A minimal asynchronous proxy for non-streaming Ollama requests.
Exposes a single stable HTTP endpoint, distributes requests across healthy backends discovered automatically by scanning a configured localhost port range, and retries on failure.
POST /api/generate— non-streaming only- Least-in-flight load balancing with port tie-breaking
- Automatic backend discovery via periodic health probes (
GET /api/tags) - Immediate unhealthy marking on request or probe failure; re-enabled only after a successful scan
- Configurable retry with per-request backend exclusion
- Debug endpoints:
GET /__proxy/health,GET /__proxy/backends
proxy/
app.py FastAPI app, routes, lifespan
config.py Settings loaded from environment variables
state.py Backend dataclass and registry helpers
scanner.py Background scan loop and health probes
forwarder.py Backend selection, request forwarding, retry logic
main.py Entry point (uvicorn)
tests/
test_proxy.py Full test suite (25 tests)
- Python ≥ 3.10
fastapi,httpx,uvicorn[standard]
Install:
pip install -r requirements.txtpython3 main.pyOr with uvicorn directly:
uvicorn proxy.app:app --host 0.0.0.0 --port 11434All settings are read from environment variables. Defaults are shown.
| Variable | Default | Description |
|---|---|---|
PROXY_HOST |
0.0.0.0 |
Bind address for the proxy |
PROXY_PORT |
11434 |
Bind port for the proxy |
BACKEND_HOST |
127.0.0.1 |
Host where backends are reachable |
BACKEND_PORT_START |
24000 |
First port in the scan range (inclusive) |
BACKEND_PORT_END |
24100 |
Last port in the scan range (inclusive) |
SCAN_INTERVAL_SECONDS |
5 |
Seconds between full backend scans |
PROBE_TIMEOUT_SECONDS |
1.0 |
Timeout for each health probe |
MAX_RETRIES |
2 |
Max additional attempts after the first failure (3 total) |
BACKEND_CONNECT_TIMEOUT_SECONDS |
2.0 |
TCP connect timeout for forwarded requests |
BACKEND_READ_TIMEOUT_SECONDS |
600.0 |
Read timeout for forwarded requests |
REJECT_STREAMING |
true |
Reject requests with "stream": true |
LOG_LEVEL |
INFO |
Logging level (DEBUG, INFO, WARNING, …) |
Proxy endpoint.

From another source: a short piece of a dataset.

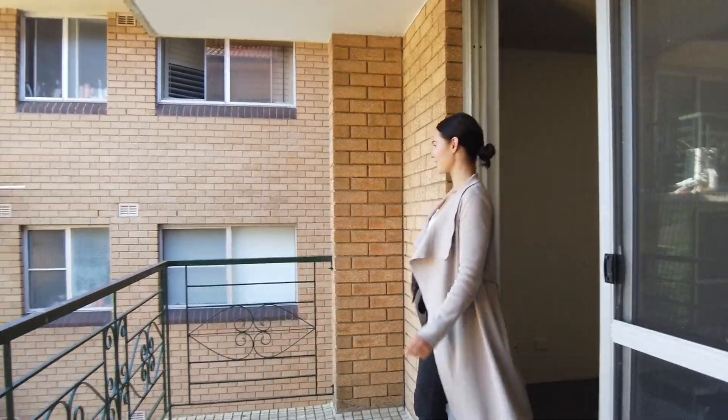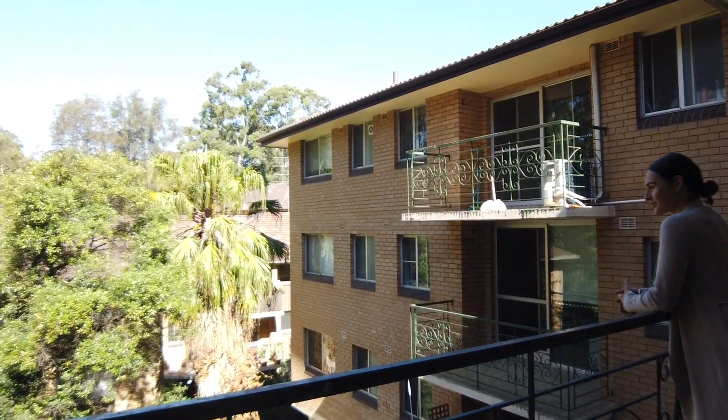My name is Madeline from Better Homes and Gardens Real Estate in Crows Nest. Welcome home.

Accepts an Ollama generate request body and returns the backend response unchanged.
Request body (example):
{
"model": "my-model",
"prompt": "Hello",
"stream": false
}"stream": trueis rejected with400 Bad Request."stream"is defaulted tofalseif absent.
Responses:
| Status | Meaning |
|---|---|
200 |
Backend response (JSON forwarded unchanged) |
400 |
Invalid request (streaming requested or malformed JSON) |
503 |
No healthy backends available |
502 |
All backend attempts failed |
{
"status": "ok",
"healthy_backends": 3
}{
"backends": [
{"port": 24001, "healthy": true, "in_flight": 1},
{"port": 24002, "healthy": false, "in_flight": 0}
]
}Each Ollama worker is expected on a port within [BACKEND_PORT_START, BACKEND_PORT_END], typically exposed via a reverse SSH tunnel terminating on localhost.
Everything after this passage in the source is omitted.